WORK ITEM:
Reproduce the following data exactly, minus any images.

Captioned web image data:
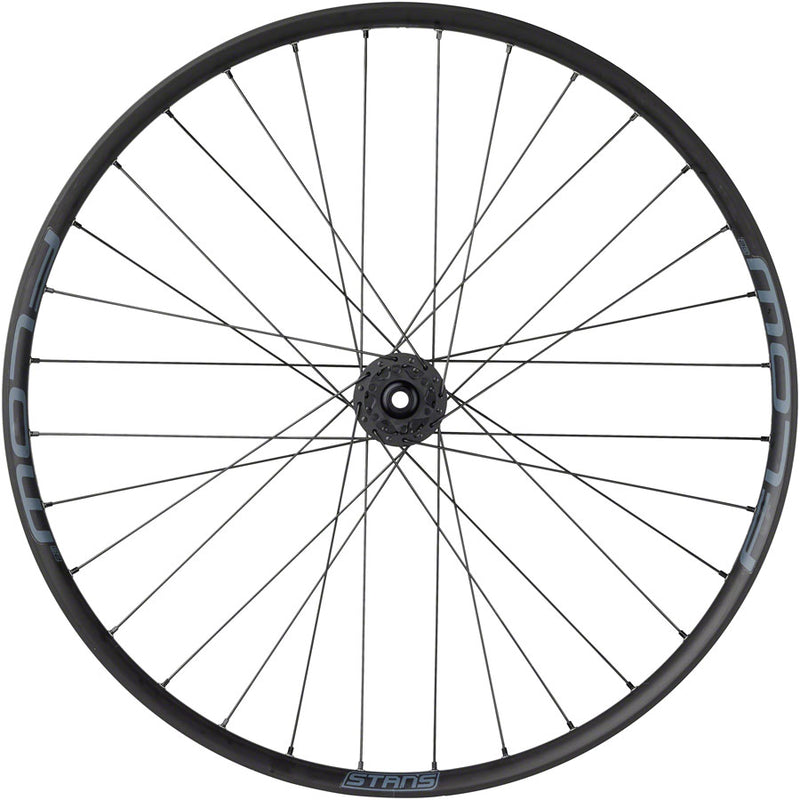 Load image into Gallery viewer, Quality Wheels DT 350 / Stans Flow S2 Rear Wheel - 27.5", 12 x 148mm, 6-Bolt, XD, Black, 32H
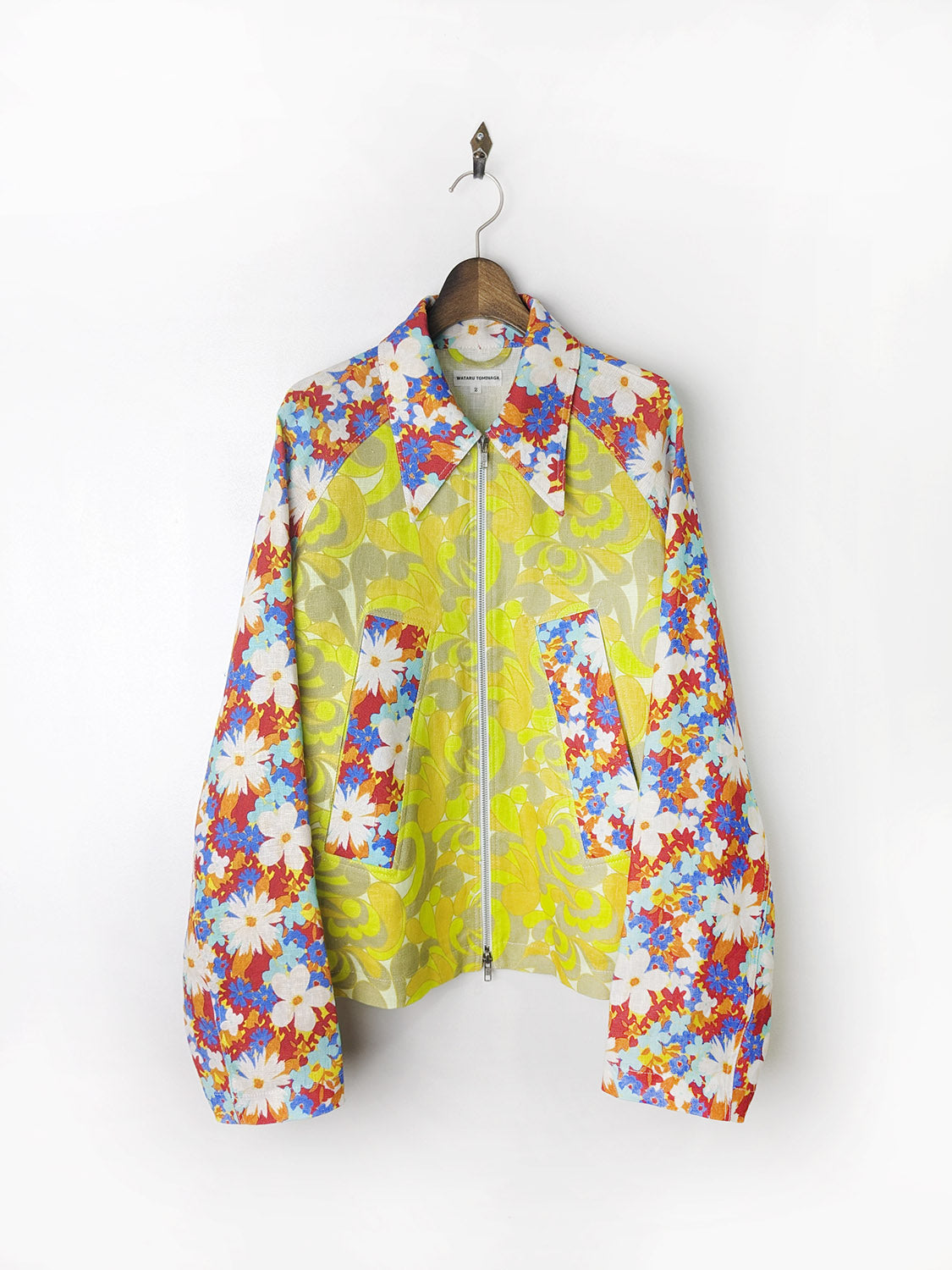 WATARU TOMINAGA Large Pocket JK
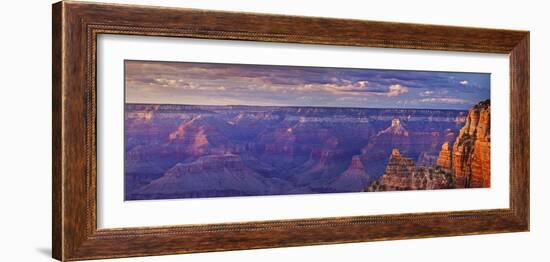 South Kaibab Trailhead Overlook, South Rim, Grand Canyon Nat'l Park, UNESCO Site, Arizona, USA-Neale Clark-Framed Photographic Print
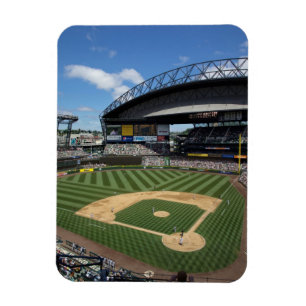 Magnet Flexible WA, Seattle, Safeco Field, base-ball des Mariners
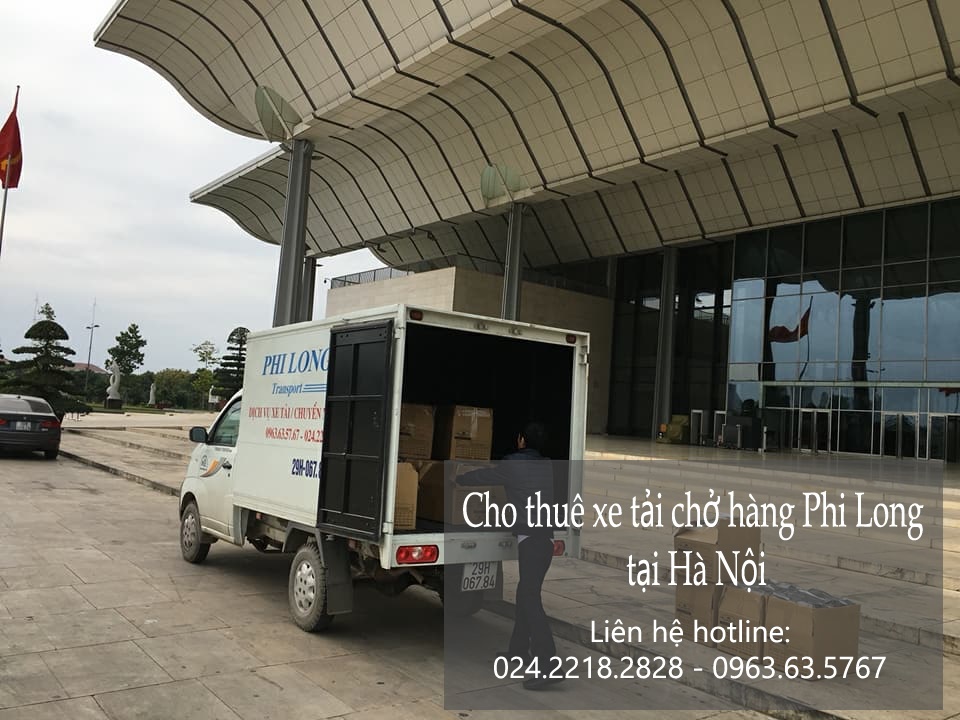 Dịch vụ xe tải chở hàng thuê tại phố Vạn Phúc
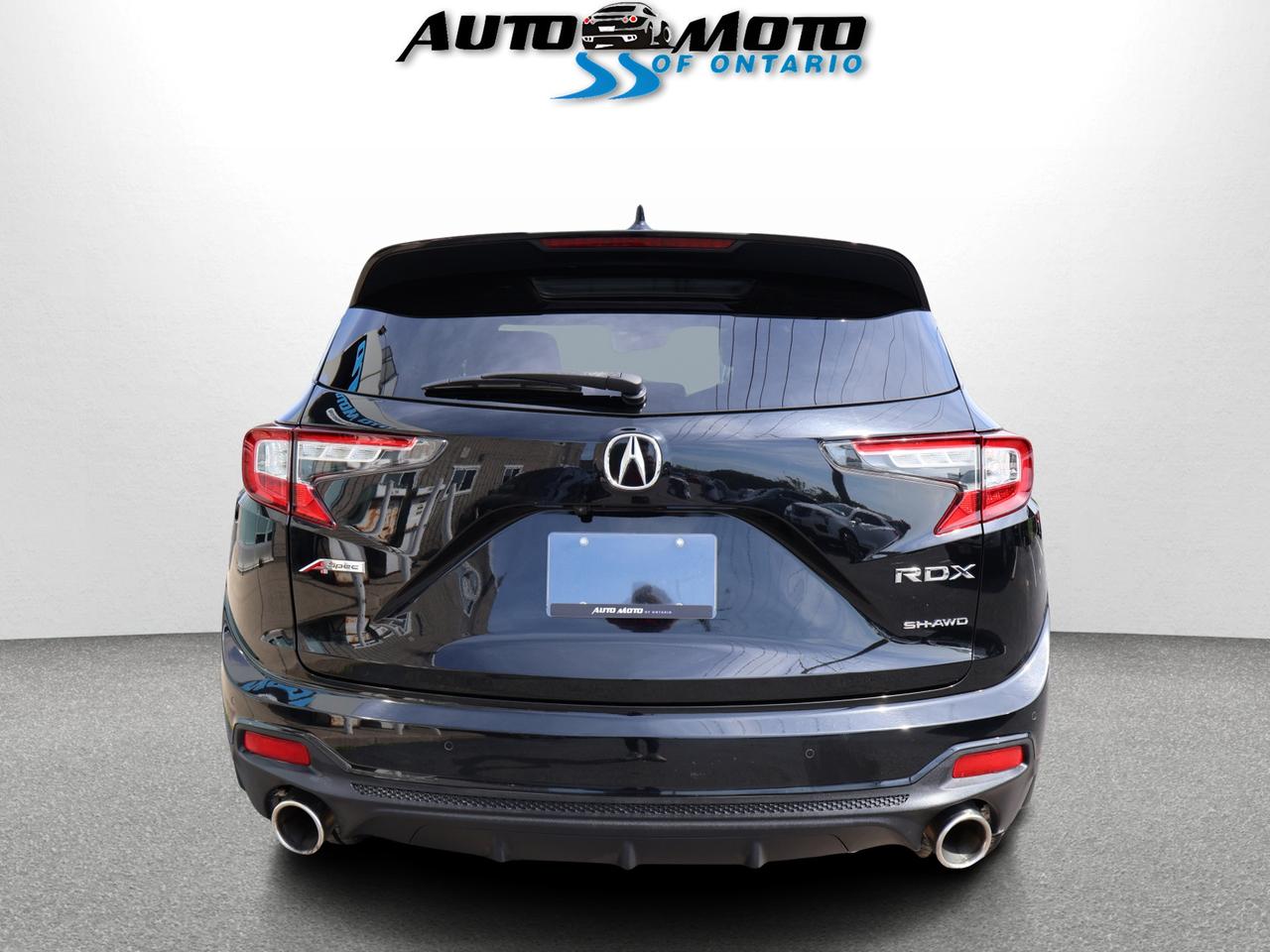 2021 Acura RDX A-SPEC AWD CERTIFIED *ACCIDENT FREE*ACURA MAINTAIN* CAMERA NAV BLUETOOTH LEATHER HEATED SEATS PANO ROOF CRUISE ALLOYS Photo4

YOUR RESPONSE:
 Load image into Gallery viewer, Quality Wheels DT 350 / Stans Flow S2 Rear Wheel - 27.5", 12 x 148mm, 6-Bolt, XD, Black, 32H
 WATARU TOMINAGA Large Pocket JK
 South Kaibab Trailhead Overlook, South Rim, Grand Canyon Nat'l Park, UNESCO Site, Arizona, USA-Neale Clark-Framed Photographic Print
 Magnet Flexible WA, Seattle, Safeco Field, base-ball des Mariners
 Dịch vụ xe tải chở hàng thuê tại phố Vạn Phúc
 2021 Acura RDX A-SPEC AWD CERTIFIED *ACCIDENT FREE*ACURA MAINTAIN* CAMERA NAV BLUETOOTH LEATHER HEATED SEATS PANO ROOF CRUISE ALLOYS Photo4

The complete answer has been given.